**REQUIRED WORK**. A full, exact copy of the listing is needed, with images omitted.

**MATERIALS PROVIDED**.

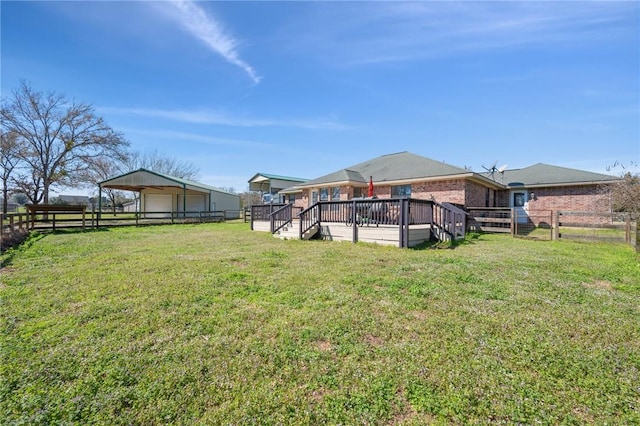 view of yard with fence and a wooden deck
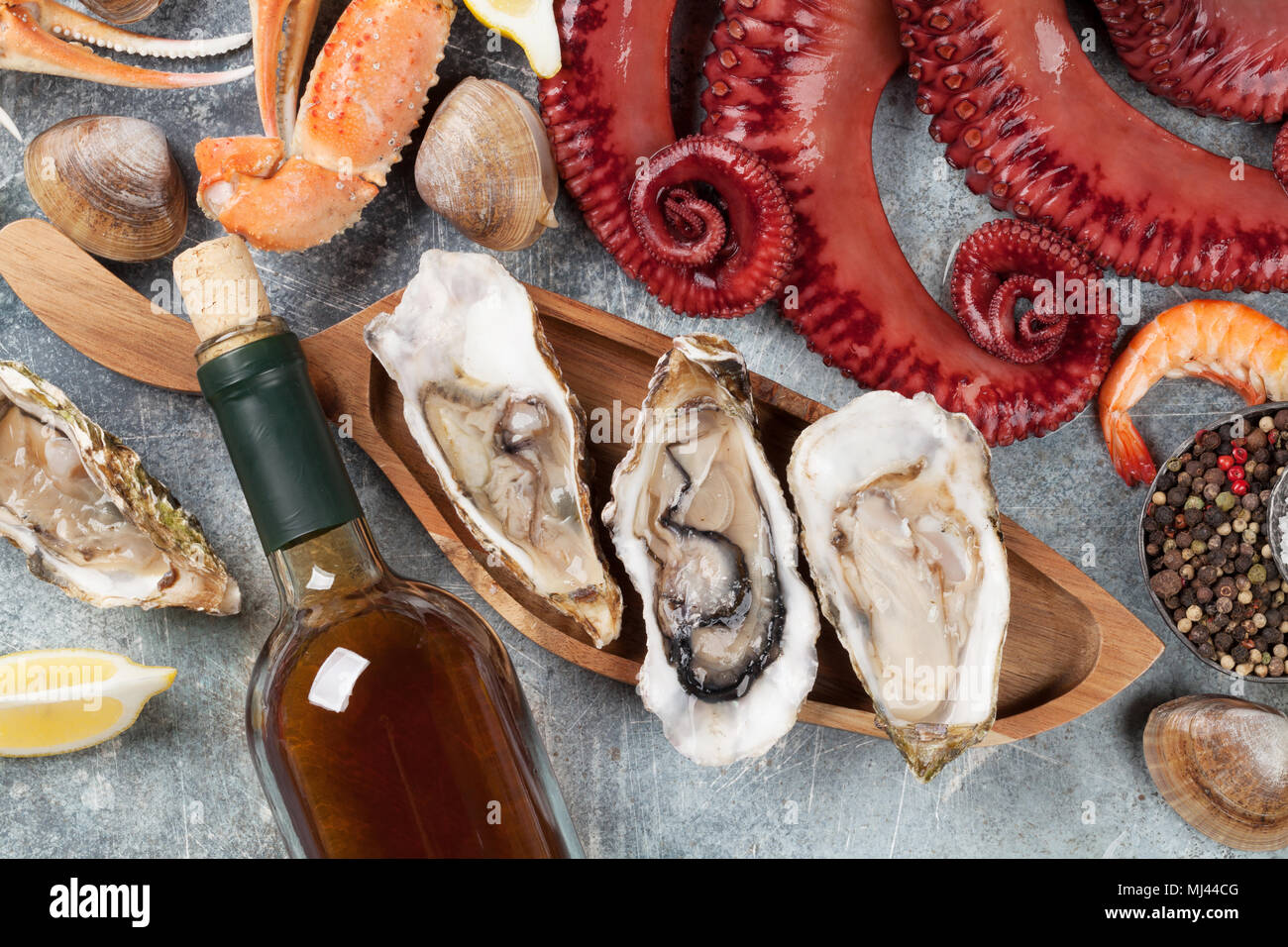 Piatti a base di frutti di mare e vino bianco. Il polpo, ostriche, aragosta, vongole. Sul tavolo di pietra Foto Stock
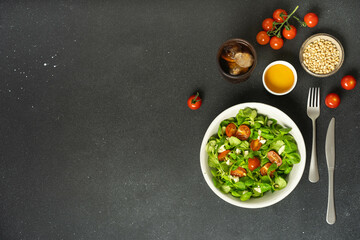 Chicken and salad with pine nuts on dark background.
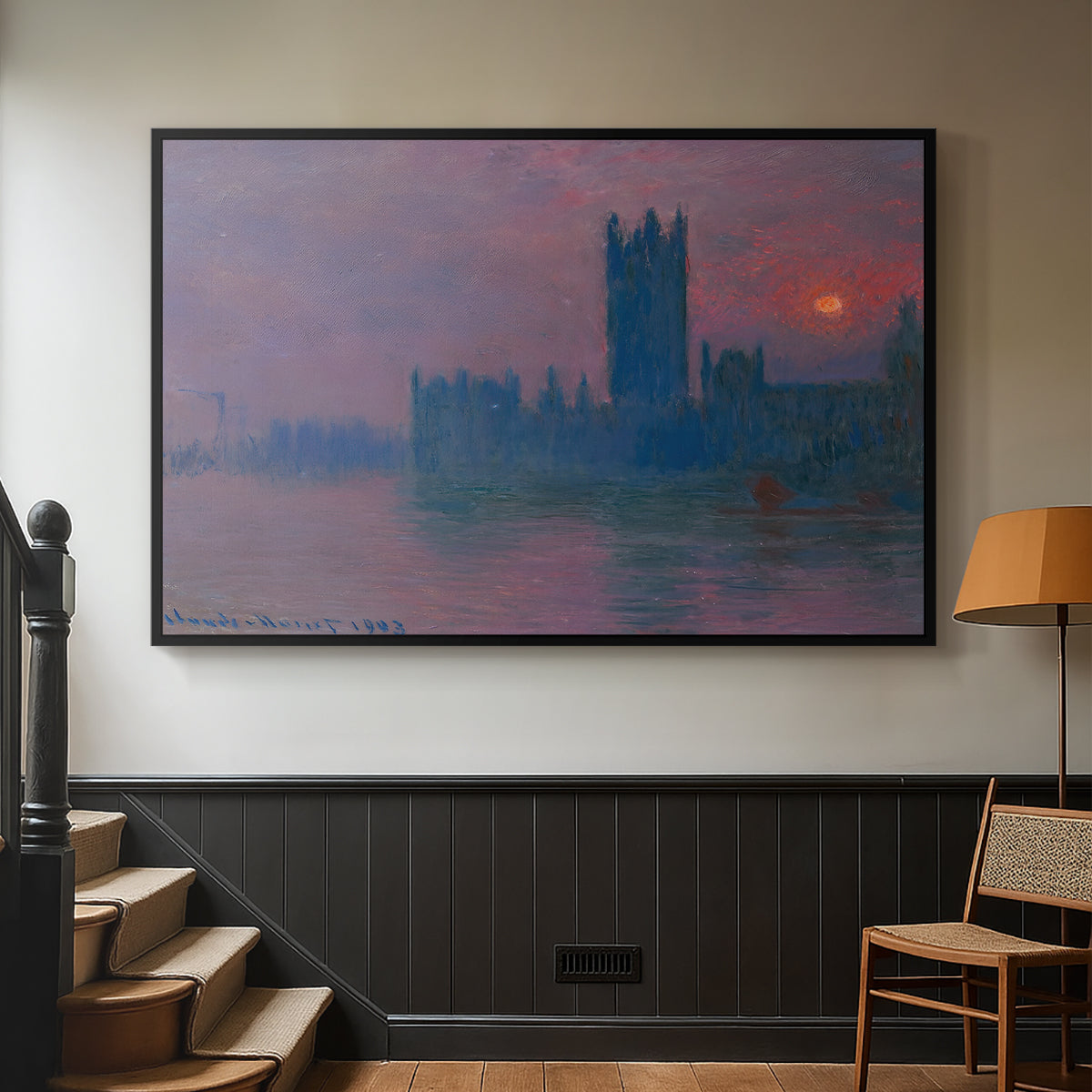 Black floater framed canvas featuring a dramatic skyline with reflections under colorful sky, displayed in a hallway near a staircase.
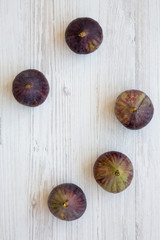 Fresh figs on white wooden table, from above. Overhead, flat lay, top view.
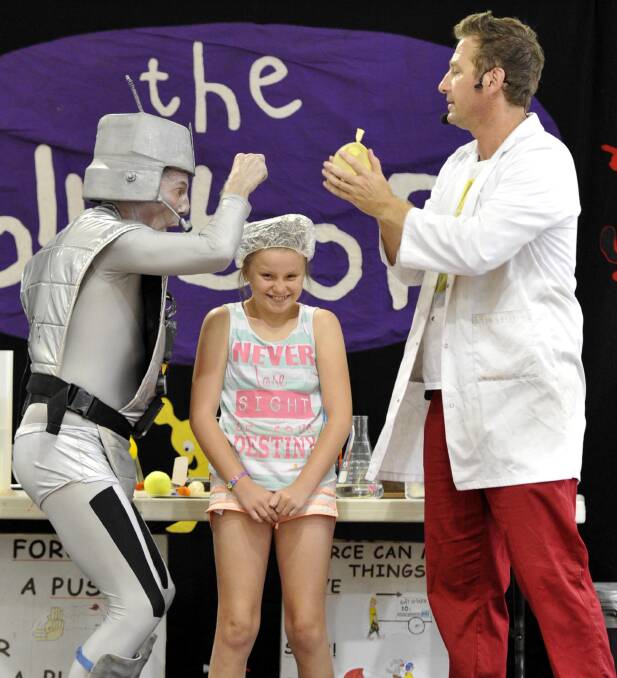 The Jollybops science show at the Wagga Marketplace last Wednesday, featuring Rusty the Robot and the Jolly Wizard. Caitlin Hoy, 12, of Wagga joins in the fun. Picture: Les Smith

**EXERCISE RESPONSE**.
 view of yard with fence and a wooden deck
 Piatti a base di frutti di mare e vino bianco. Il polpo, ostriche, aragosta, vongole. Sul tavolo di pietra Foto Stock
 Chicken and salad with pine nuts on dark background.
 Black floater framed canvas featuring a dramatic skyline with reflections under colorful sky, displayed in a hallway near a staircase.
 Fresh figs on white wooden table, from above. Overhead, flat lay, top view.
 The Jollybops science show at the Wagga Marketplace last Wednesday, featuring Rusty the Robot and the Jolly Wizard. Caitlin Hoy, 12, of Wagga joins in the fun. Picture: Les Smith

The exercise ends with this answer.